Task material -
────────

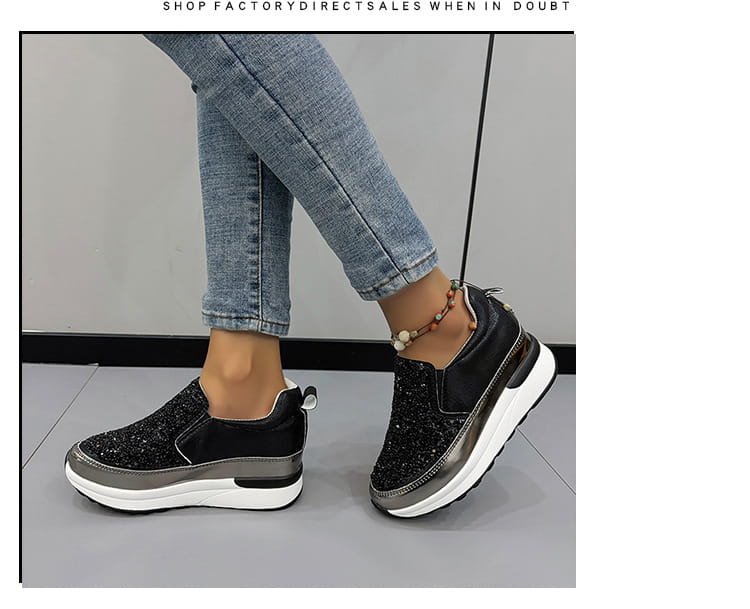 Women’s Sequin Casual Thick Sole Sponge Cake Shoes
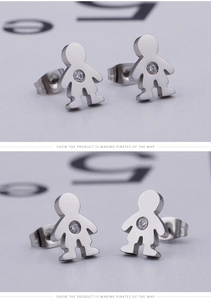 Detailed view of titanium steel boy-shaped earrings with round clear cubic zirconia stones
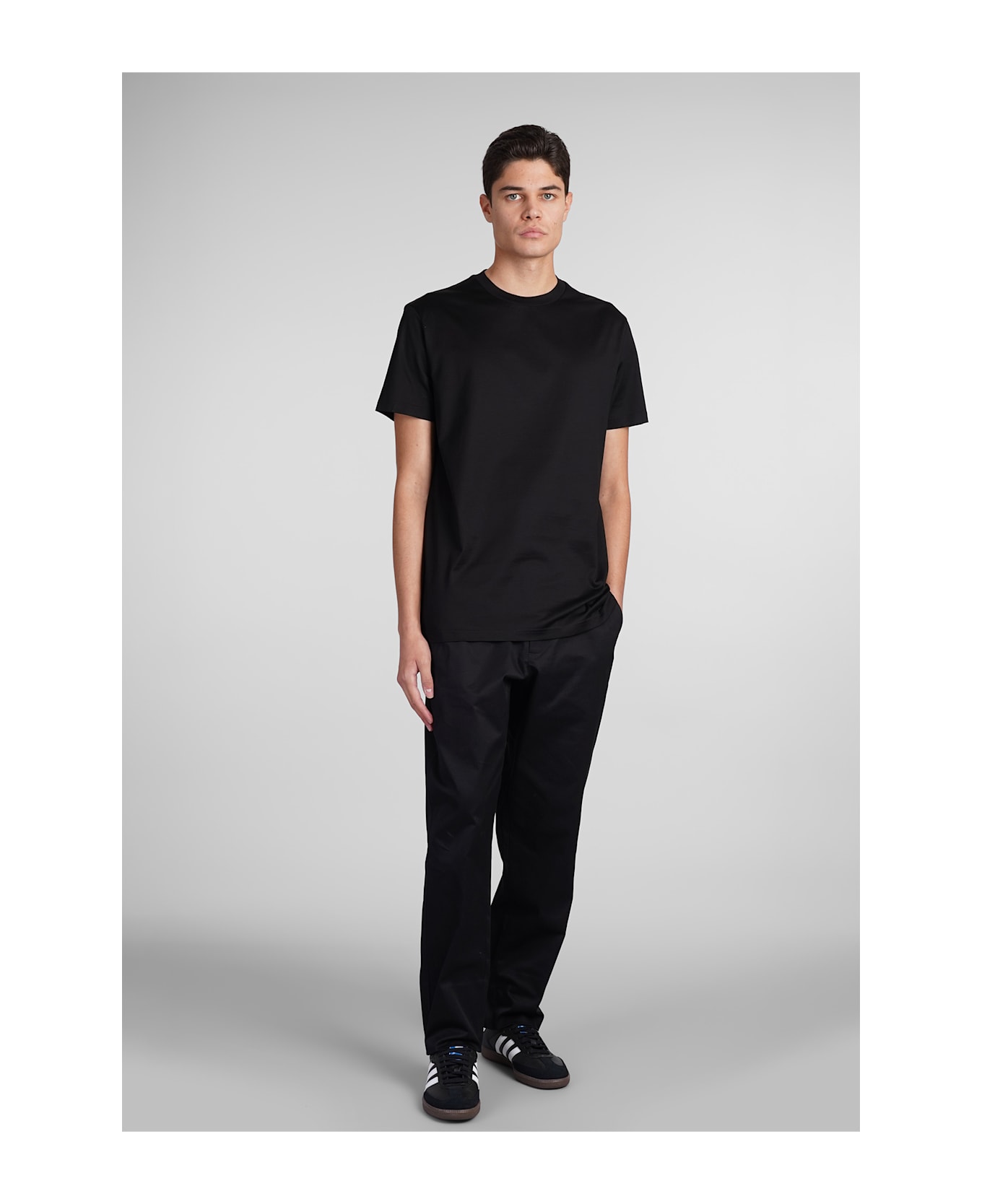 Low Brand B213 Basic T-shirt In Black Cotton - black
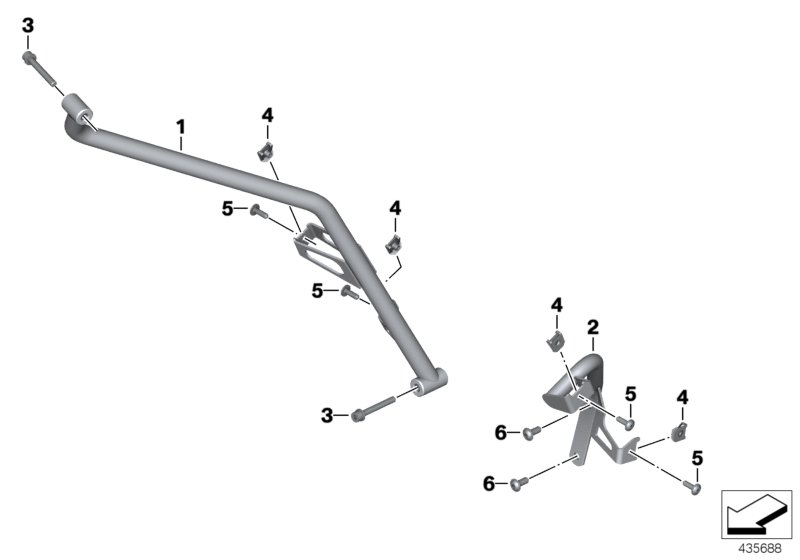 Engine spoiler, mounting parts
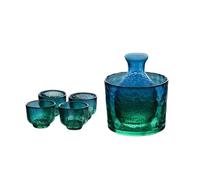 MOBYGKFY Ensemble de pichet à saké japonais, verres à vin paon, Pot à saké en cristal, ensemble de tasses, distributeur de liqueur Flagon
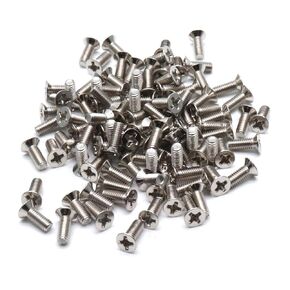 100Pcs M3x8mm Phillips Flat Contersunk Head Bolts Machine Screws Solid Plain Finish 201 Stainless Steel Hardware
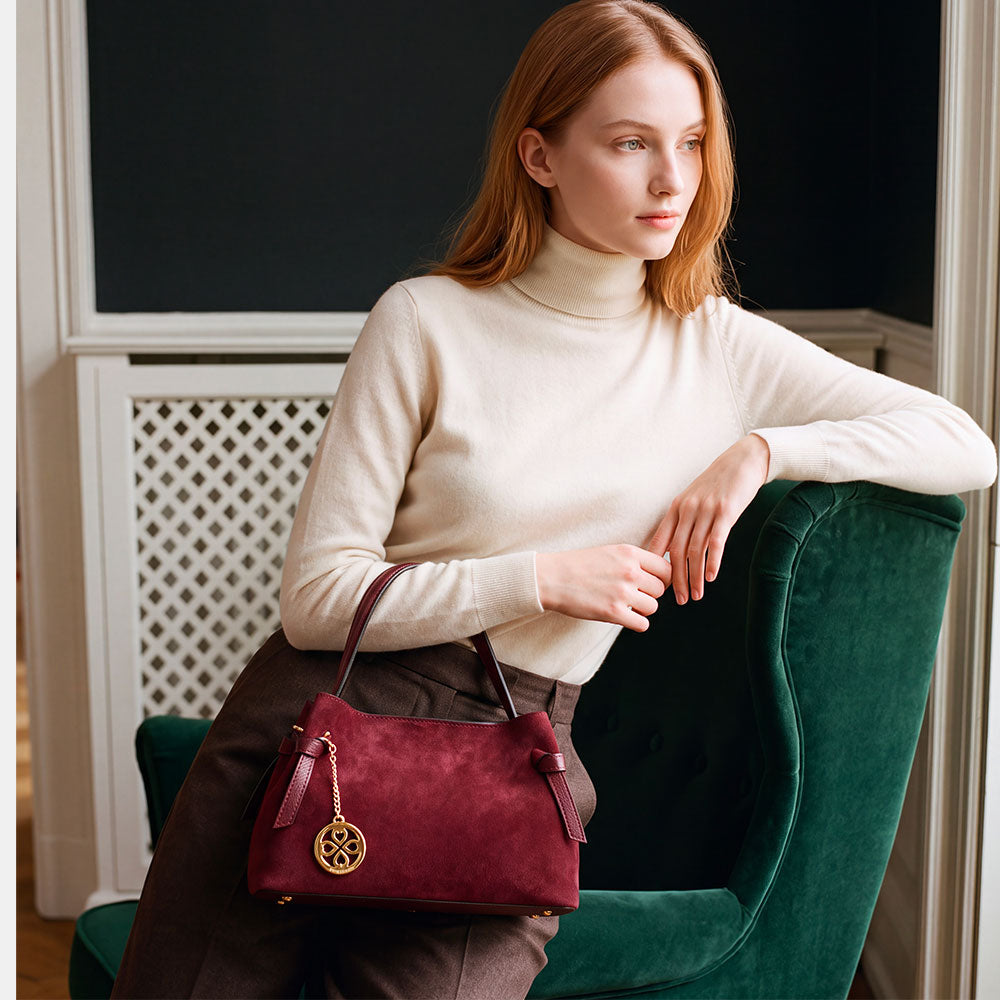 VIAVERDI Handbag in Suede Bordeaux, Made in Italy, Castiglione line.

────────

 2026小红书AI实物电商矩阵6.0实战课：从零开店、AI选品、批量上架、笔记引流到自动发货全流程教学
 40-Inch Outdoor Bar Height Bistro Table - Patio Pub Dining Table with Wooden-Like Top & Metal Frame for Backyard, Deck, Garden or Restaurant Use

────────

Word for word, restate the lines of the listing above starting at the line with "2026小红书AI实物电商矩" and ending at the line with "40-Inch Outdoor Bar", and nothing outside them.

 2026小红书AI实物电商矩阵6.0实战课：从零开店、AI选品、批量上架、笔记引流到自动发货全流程教学
 40-Inch Outdoor Bar Height Bistro Table - Patio Pub Dining Table with Wooden-Like Top & Metal Frame for Backyard, Deck, Garden or Restaurant Use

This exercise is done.